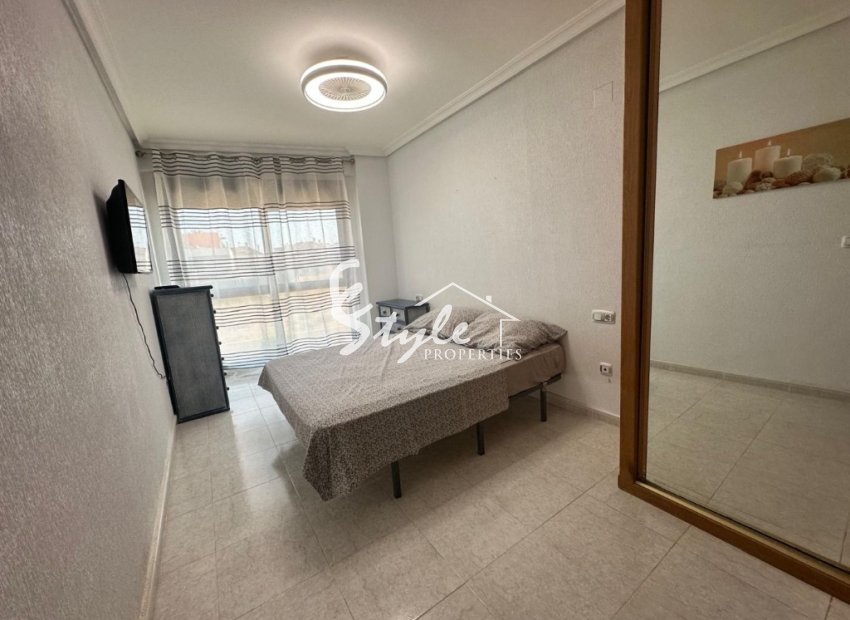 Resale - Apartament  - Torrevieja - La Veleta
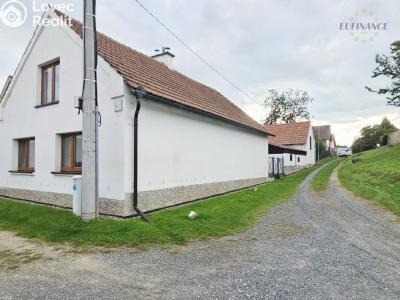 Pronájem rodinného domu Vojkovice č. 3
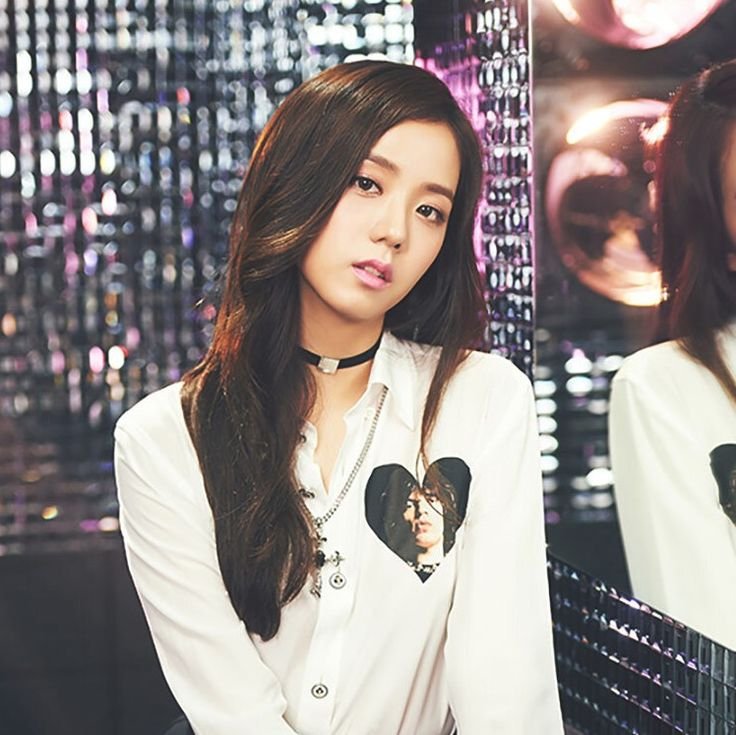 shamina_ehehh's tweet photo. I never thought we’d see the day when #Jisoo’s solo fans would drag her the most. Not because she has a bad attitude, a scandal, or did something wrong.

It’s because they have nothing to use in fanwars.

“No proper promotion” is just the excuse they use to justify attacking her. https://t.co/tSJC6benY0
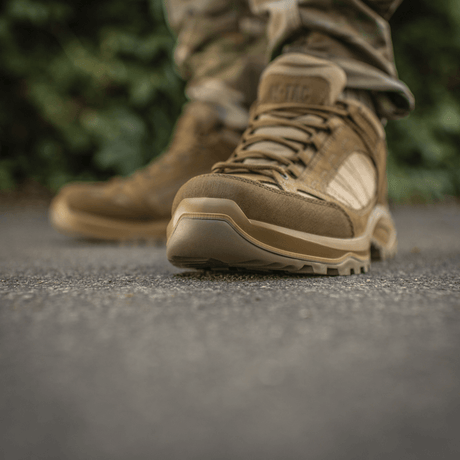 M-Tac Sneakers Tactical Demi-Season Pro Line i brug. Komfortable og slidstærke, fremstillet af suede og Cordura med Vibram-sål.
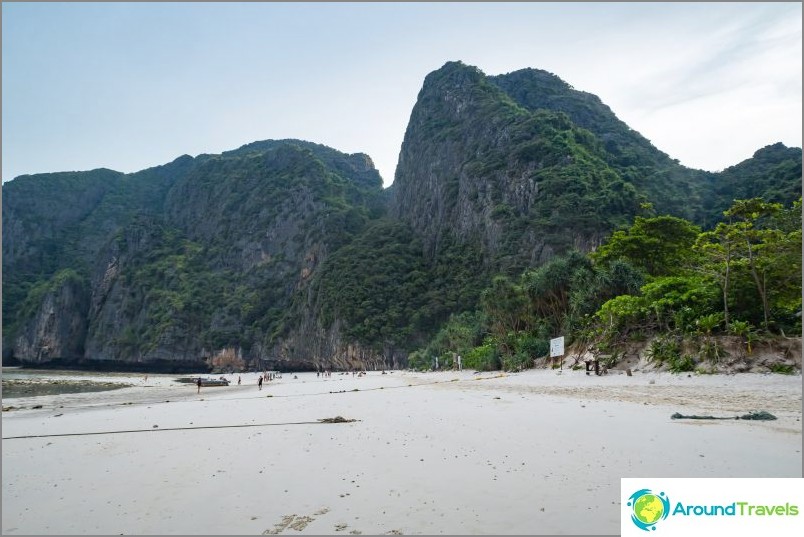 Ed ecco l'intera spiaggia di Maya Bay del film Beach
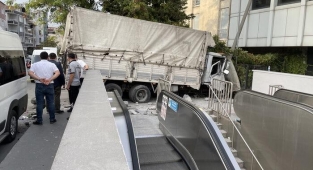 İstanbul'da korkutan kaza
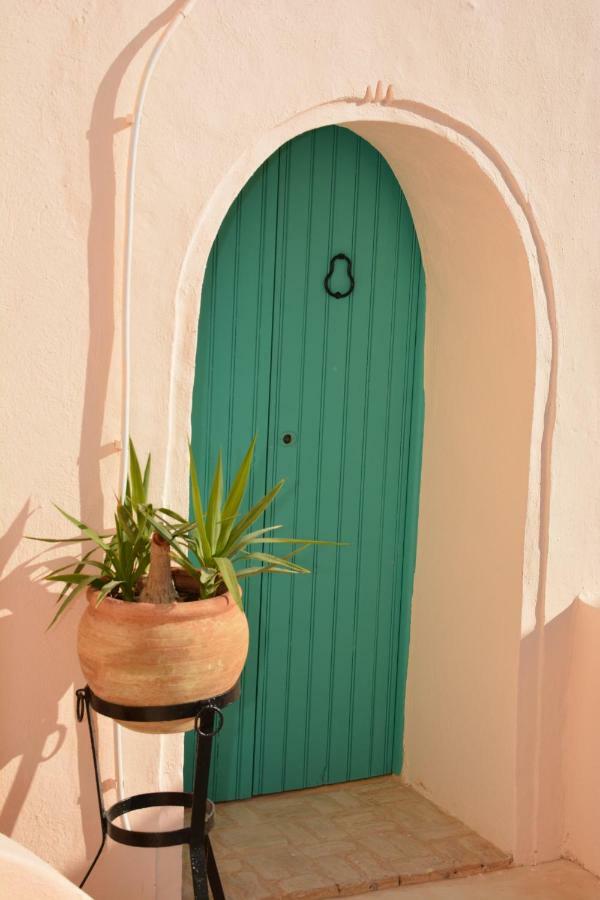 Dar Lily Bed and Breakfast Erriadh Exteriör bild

## EXERCISE BRIEF
Lines above containing "they": give their number only.

## SOLUTION FOR THIS TASK
2